Obama's Unilateral Disarmament

WASHINGTON (AP) - The Army removed 588 soldiers from sensitive jobs such as sexual assault counselors and recruiters after finding they had committed infractions such as sexual assault, child abuse and drunken driving, officials said Wednesday.

The move resulted from orders by Defense Secretary Chuck Hagel last year that all the services review the qualifications of people holding those jobs as part of an effort to stem a rising number of sexual assaults in the military.

The Army said it reviewed the qualifications and records of 20,000 soldiers and found 588 unsuitable for their jobs as recruiters, drill sergeants, training school instructors and staff of sexual assault prevention and response programs. The Army said in a statement that 79 soldiers are leaving the service and "others could face further actions from their commands." The statement did not say whether the 79 are leaving voluntarily.

Lt. Col. Alayne Conway, an Army spokeswoman, said examples of soldier infractions found in the review included sexual assault, child abuse and drunken driving. It was unclear whether those had happened during their military service or before.

"We will continue working to better ensure we select the very best people for these posts, and that the chain of command knows what is expected of them, and how important this work is to the Army," Col. David Patterson, another Army spokesman, said in a statement.

The Navy looked at some 11,000 employees and found five unqualified. The Air Force said that of about 2,500 sexual assault victim advocates and assault response coordinators, two advocates were removed from their jobs because of problems with their backgrounds. The Marine Corps did not respond to requests for information about their reviews, but USA Today, which first reported the results of the reviews, said the Marines found no one to disqualify.
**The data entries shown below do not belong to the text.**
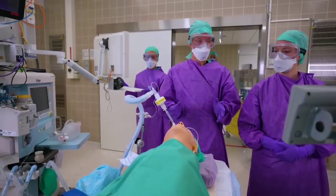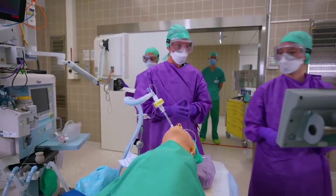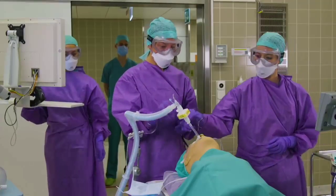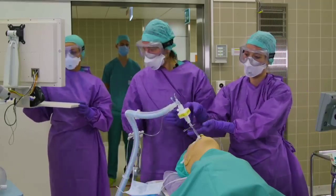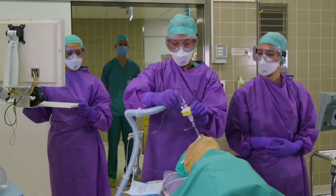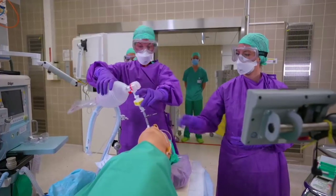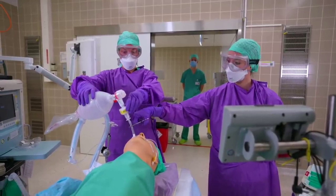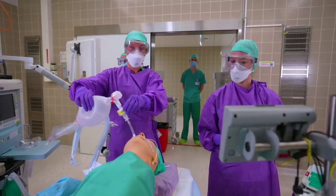If you're transporting an intubated patient to the ICU, make sure that you clamp the endotracheal tube in inspiration before you disconnect and reconnect to your bag-valve mask. We are saving our transport ventilators for use in the ICU, and hence currently we are utilizing bag-valve masking for transportation of ICU patients.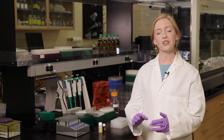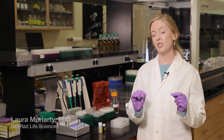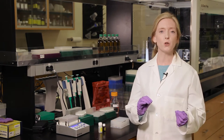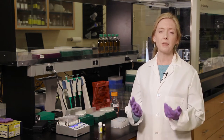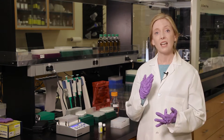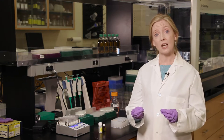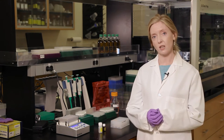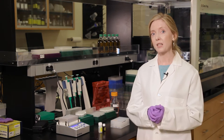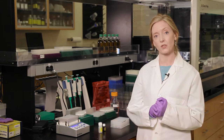Welcome to the IQCheck Free DNA Removal Solution Protocol video. Different interventions can be used to eliminate or reduce pathogens in food or in the plant environment. Some of these interventions include heat processing, sanitizers, and even bacteriophages. As a result, sometimes free DNA or even dead cells may be present in your sample, and this free DNA can actually impact molecular methods by giving positive signals when present at detectable levels.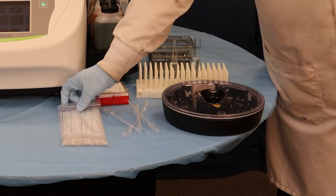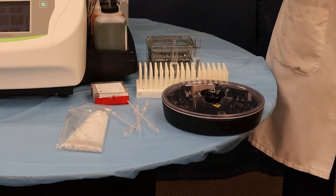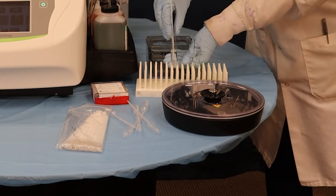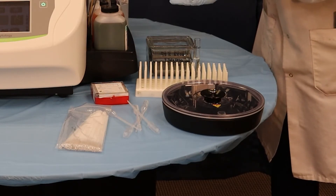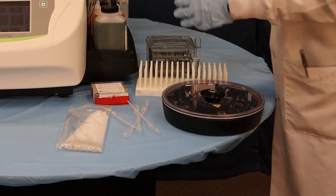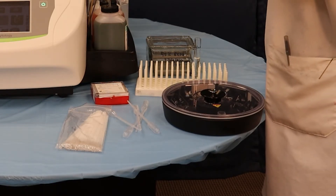We're going to start by using the brush to swab inside of our cheeks. Once you have a good swab, you'll be putting it into this tube and agitating it slightly. While that's sitting and the cells come out, we're going to label this — just a date and initials.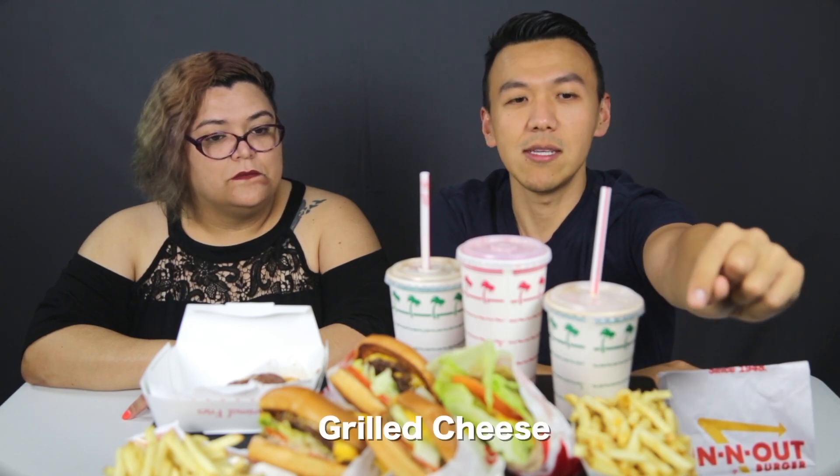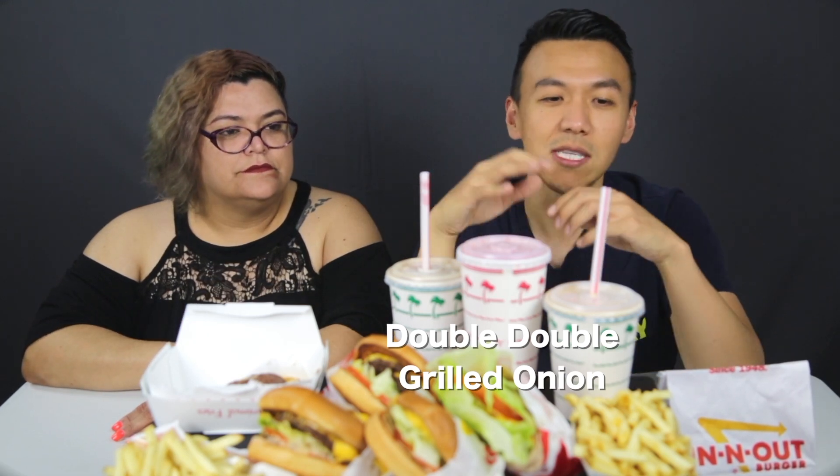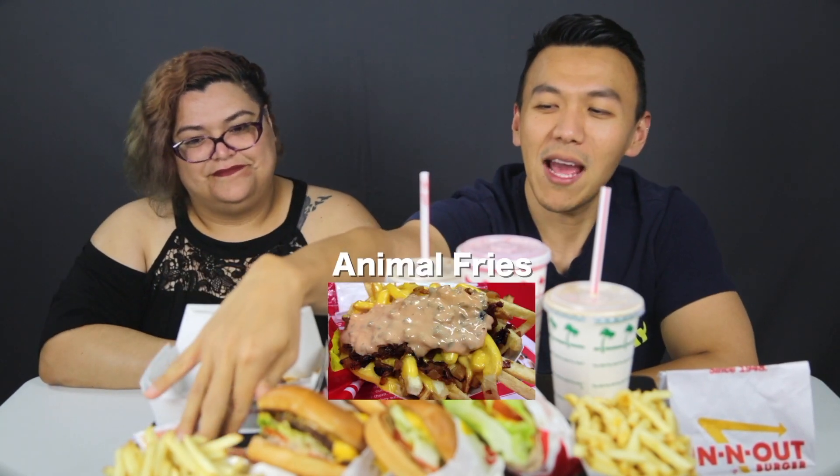After that we have protein style double double, and then there's the grilled cheese — they actually have grilled cheese with no patty, which is one of the secret menu items. There's also the mustard burger — I think they lather it in mustard and then fry it on the patty. And grilled onion is also one of the specialties. The sad part is we ordered animal fries and they didn't come. They had cheese, grilled onion, and spread — so we have all this spread. They charge you like five dollars extra for animal fries.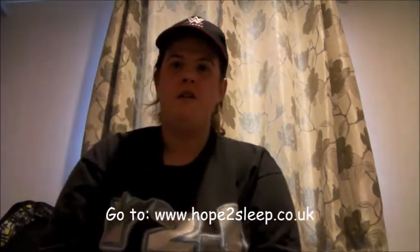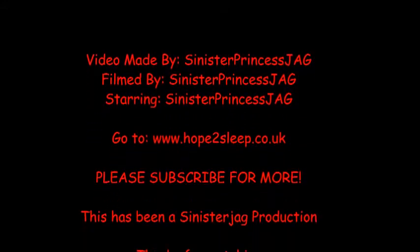I should be wearing this medical alert wristband at all times. Head over to Hope to Sleep and show them some support for sleep apnea patients like myself. Thanks for watching — please leave a like and comment, and subscribe for more. Bye!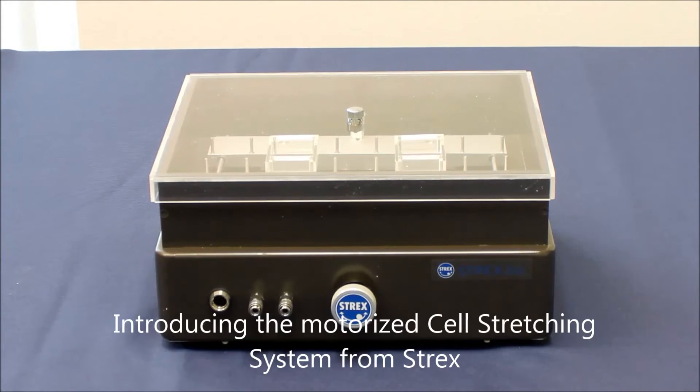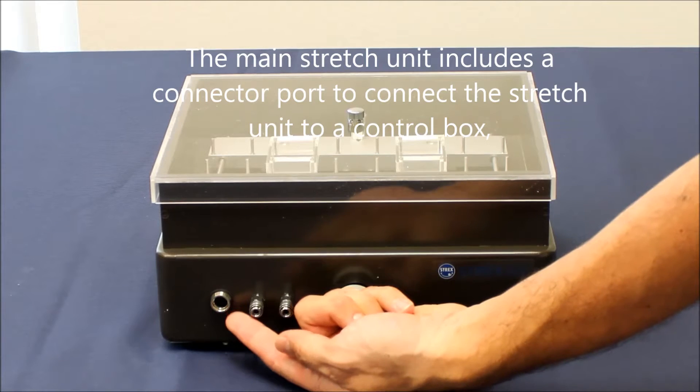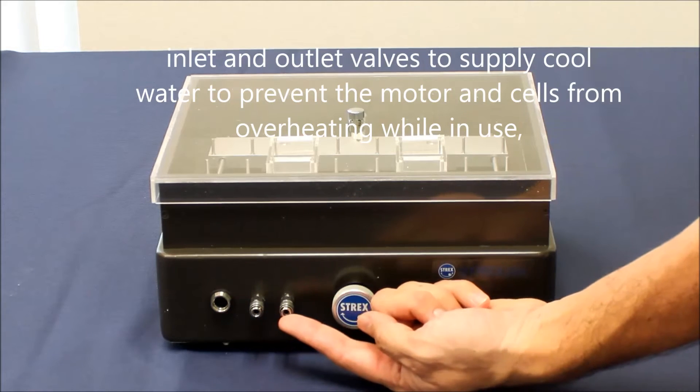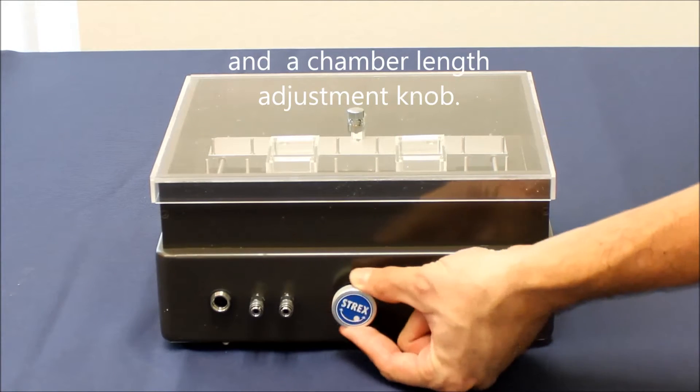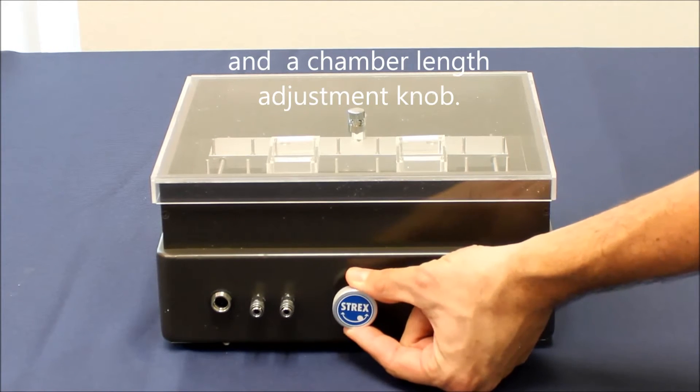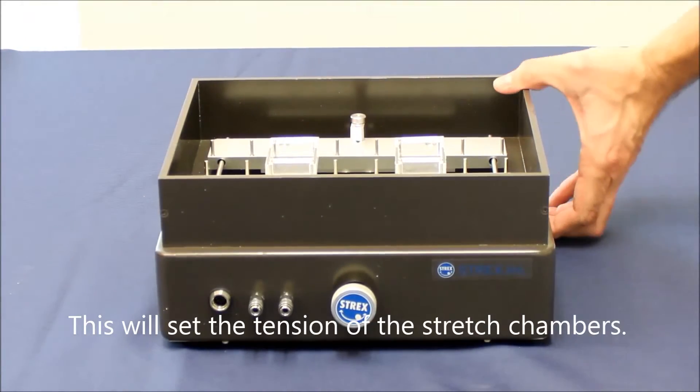Introducing the motorized cell stretching system from Strex. The main stretch unit includes a connector port to connect the stretch unit to a control box, inlet and outlet valves to supply cool water to prevent the motor and cells from overheating while in use, and a chamber length adjustment knob. This will set the tension of the stretch chambers.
It was unclear why the other service branches reported so few problems, but Pentagon officials said one likely reason was that the Army did a more stringent review, going beyond what Hagel had ordered. It scrutinized not only its recruiting and sex assault response and prevention staffs, but also people in other jobs it calls "positions of trust," such as the drill sergeants and other training instructors. It also scoured their records for a broader range of potentially problematic behaviors, officials said.
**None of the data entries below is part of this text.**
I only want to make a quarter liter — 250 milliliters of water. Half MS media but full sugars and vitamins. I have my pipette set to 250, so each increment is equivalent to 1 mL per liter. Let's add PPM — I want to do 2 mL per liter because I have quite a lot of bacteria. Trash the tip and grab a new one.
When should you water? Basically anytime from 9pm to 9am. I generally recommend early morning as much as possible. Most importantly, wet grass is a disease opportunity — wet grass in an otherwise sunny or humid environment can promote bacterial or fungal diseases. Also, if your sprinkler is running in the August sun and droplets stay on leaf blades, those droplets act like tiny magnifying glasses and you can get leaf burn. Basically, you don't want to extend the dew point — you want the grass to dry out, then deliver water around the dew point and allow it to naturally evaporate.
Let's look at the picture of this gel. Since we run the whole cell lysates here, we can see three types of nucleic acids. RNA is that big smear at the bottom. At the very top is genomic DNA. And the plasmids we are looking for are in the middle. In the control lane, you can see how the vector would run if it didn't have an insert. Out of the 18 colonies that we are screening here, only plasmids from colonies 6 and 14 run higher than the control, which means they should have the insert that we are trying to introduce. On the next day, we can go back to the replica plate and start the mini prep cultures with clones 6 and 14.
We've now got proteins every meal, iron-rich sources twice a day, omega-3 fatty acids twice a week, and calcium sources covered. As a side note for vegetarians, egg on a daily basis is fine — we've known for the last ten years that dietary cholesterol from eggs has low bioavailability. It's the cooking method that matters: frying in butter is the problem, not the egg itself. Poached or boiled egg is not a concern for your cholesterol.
Rear Adm. John Kirby, the Pentagon's press secretary, noted the extra work done by the Army.

Hagel "was happy to learn that the Army widened the scope of their review and he is grateful for the work they have done to get a better grip on a very difficult issue and hold people accountable," Kirby said.

Hagel in May ordered the military to recertify all 25,000 people involved in programs designed to prevent and respond to sexual assault and to review the qualifications of some 19,000 recruiters.

He and Army Gen. Martin Dempsey, the chairman of the Joint Chiefs of Staff, spoke at a Pentagon news conference one day after all of the military's highest uniformed and civilian leadership were summoned to the White House to discuss the sexual assault problem with President Barack Obama, who has expressed impatience with the Pentagon's failure to solve it.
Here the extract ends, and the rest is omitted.